Thank You, Next: I’ll Pick the Beauty of Everyday Affections Over Grand Romantic Gestures

Love and Sex

Thank You, Next: I’ll Pick the Beauty of Everyday Affections Over Grand Romantic Gestures

Illustration: Shruti Yatam

Until about 10 years ago, our idea of romance rested on the theatricality of grand gestures. It was similar to Dilwale Dulhaniya Le Jayenge’s London-bred Raj flying down to spread his arms in the mustard fields of Punjab for Simran. Jai frantically rushing to the airport to stop Aditi from leaving, by announcing his love in Jaane Tu… Ya Jaane Na. Jack helping Rose on to a wooden platform to save her life in the middle of an icy ocean in Titanic. Or Kat from 10 Things I Hate About You tearfully reading out a poem chronicling her feelings for Patrick in front of the whole class.

Back then, when life never got in the way, expressing the feeling assumed greater importance than shielding the privacy of the emotion. Love had to be declared to be felt.

But today, in the age of unlimited options, hectic lives, and burdening responsibilities, love is no longer a singular ambition. At a time when it is more often than not perceived as a hindrance, it is also improbable for the language of romance to not be infected by everyday life.
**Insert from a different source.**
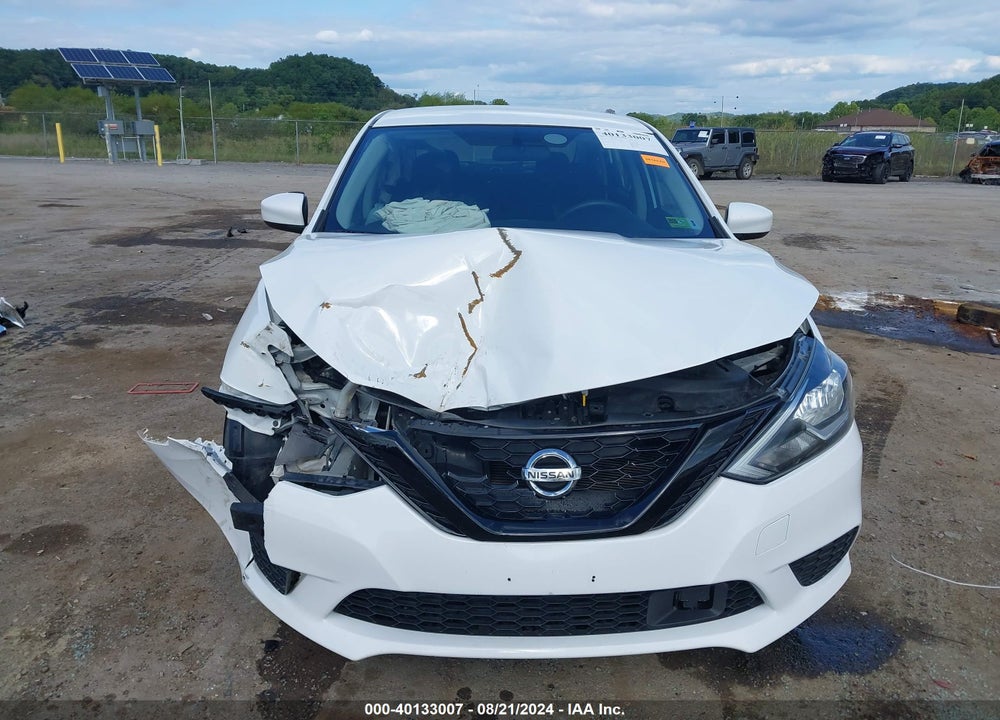 2018 NISSAN SENTRA S VIN: 3N1AB7AP7JY334314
For so many people in love today, expressions of love aren’t counted out in flight tickets, surprise proposals, airport dashes, or persistent wooing.

For instance, one of the year’s most affecting big-screen romantic gestures played out behind closed doors rather than as a declaration in front of many eyes. In Sui Dhaaga, when Mamta informs her mother-in-law that she can’t attend a wedding because of an ill-fitted blouse, her husband leaps to her rescue. Mauji tells her (through his mother) that he’ll tailor it for her. As the blouse is handed to Mauji’s sewing machine and he gets to work, Mamta lets out a faint, coy smile that lingers on her face for a fleeting second before life gets in the way. It’s one of those impossibly intimate moments that the couple – victims of an arranged marriage and lack of privacy – share with each other, without even planning to. After all, life happened to them before love could even find their address.
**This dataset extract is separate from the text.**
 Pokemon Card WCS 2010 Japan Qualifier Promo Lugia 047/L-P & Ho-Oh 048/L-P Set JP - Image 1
Small affections like these mould companionship by fronting our idea of romance. The beauty of these intimacies are that they don’t announce themselves to the world but demand a keen familiarity: Like your partner knowing the amount of sugar you like in your coffee without requiring a reminder or your hands instinctively reaching out for theirs during a Netflix binge. There’s so much thought behind your partner clocking in their care in non-verbal ways – waking up at an ungodly hour to wake you up or giving up the last slice of cheese at breakfast.
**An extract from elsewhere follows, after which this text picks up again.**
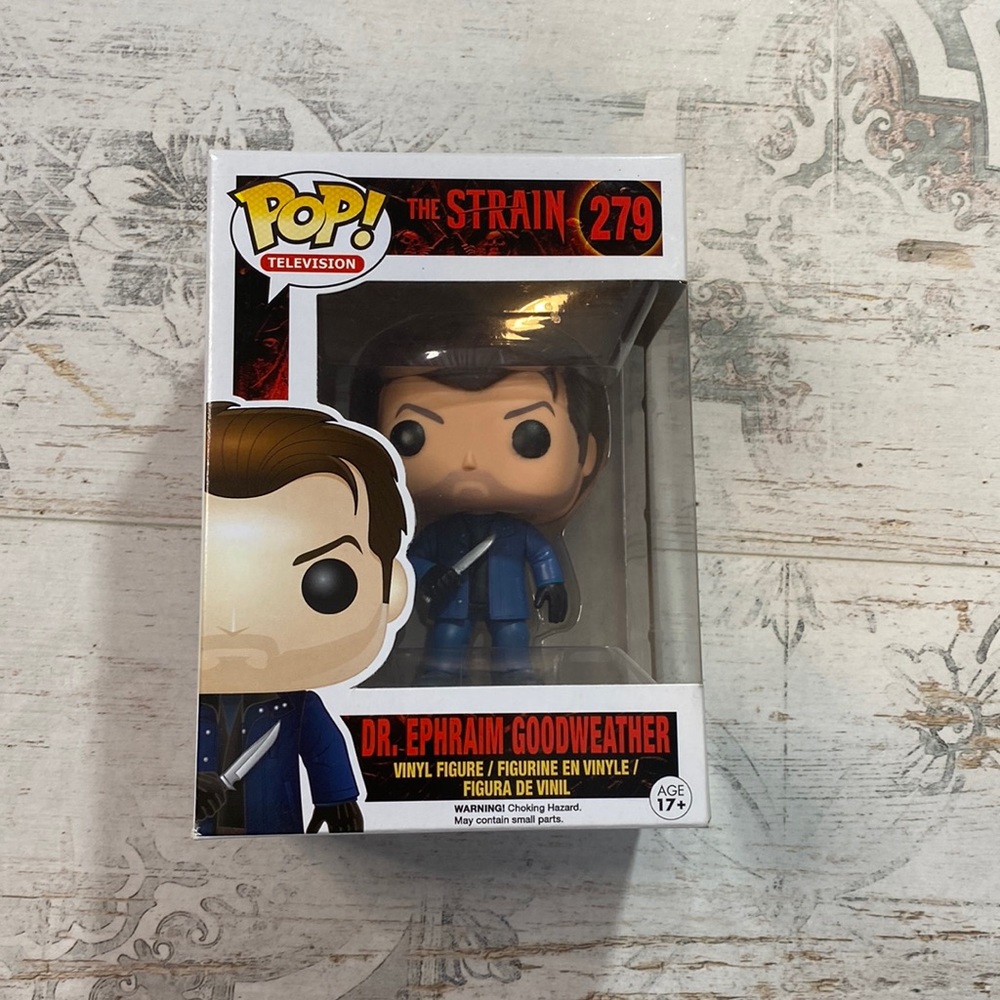 Funko Pop Dr Ephraim Goodweather #279 The Strain Figure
These intimacies don’t just have the ability to remain private but also fiercely personal. They crop up at the most unexpected hours. These gestures might not be for the books, but reserved for your memories.

I’ll pick everyday intimacies over grand romantic gestures any day. In baring yourself to each other instead of the world, in feeling comfortable enough to complete mundane tasks in each other’s company, love is articulated quietly: It is impromptu, stripped off of any trace of rehearsed ostentation. And it’s only then that romance ceases to be a performance.